Apagó el motor e imaginó a los policías registrando la casa vacía. Aquella casa donde la noche anterior había saboreado un Château Lesage con un hombre atractivo. Tuvo la impresión de que le pisoteaban el recuerdo.

Los policías de guardia la reconocieron y la dejaron entrar. El salón era un hervidero de policías y técnicos de Identificación Judicial. Le Coz se materializó entre los cosmonautas de papel. Le tendió unos protectores para los zapatos.

—¿Quieres ponerte esto?

—No hará falta.

—Pero si hay pistas…

—¿Eres tonto o qué? Aquí no hay nada para nosotros.

El policía asintió en silencio. Ella solo se puso los guantes de látex. El teniente trató de abundar en el mismo sentido.

—Tenías razón. Ese tipo es un verdadero fantasma. Todas las cajas están vacías. No hemos hallado ni un solo objeto personal ni un documento en toda la casa.

Ella se dirigió a la cocina sin responder. La estancia estaba limpia. Impecable, incluso. Freire nunca debía de comer en casa. Abrió los armarios. Platos. Cubiertos. Cazuelas. Ningún producto de alimentación. Solo halló unos paquetes de té sobre un estante. Abrió, por reflejo, el frigorífico. Tampoco había nada. Excepto su Château Lesage, del que no se había acabado la botella. «¡Qué burro, mira que guardar un burdeos en frío!»

Unos pasos apresurados resonaron en el salón y cubrieron el ruido de los policías y los técnicos. Anaïs cruzó la cocina. Conante, sin aliento, llegaba a la carrera.

—¿Lo habéis localizado? —preguntó ella.

—No, pero tenemos un problema.

—¿Qué pasa?

—El tipo de la estación de Saint-Jean, el amnésico. Patrick Bonfils. Se lo han cargado esta mañana en la playa de Guéthary. Y a su mujer también.

—¿Qué?

—Te lo juro. Se los han cargado a tiros. Los policías de Biarritz nos llamarán.

Anaïs retrocedió hacia la cocina y se apoyó con ambas manos contra el fregadero. Una nueva pieza en el rompecabezas. Quizá un elemento importante en el nivel superior o transversal del caso.

—Hay otro problema —añadió Conante.

—Dime.

—El coche del psiquiatra, el Volvo. Lo han encontrado en el camino de la playa. De una manera u otra, el psiquiatra ha estado implicado en el tiroteo. El coche es un auténtico colador y… ¿te sientes mal?

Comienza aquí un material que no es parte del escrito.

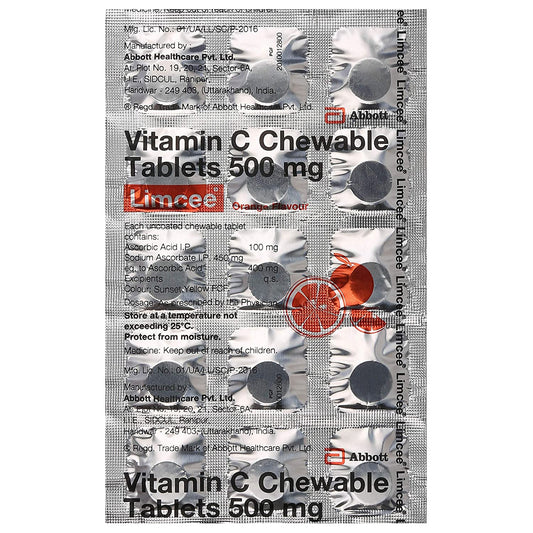 LIMCEE 500MG VITAMIN C  CHEWABLE TABLETS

Anaïs se volvió y metió la cabeza en el fregadero. Dejó correr el agua helada y bebió directamente del grifo. La habitación daba vueltas a su alrededor. La sangre había abandonado su cerebro y se estancaba en su vientre y sus extremidades inferiores. Estaba a punto de desmayarse.

—Freire —murmuró, junto al agua fresca—, ¿en qué marrón te has metido?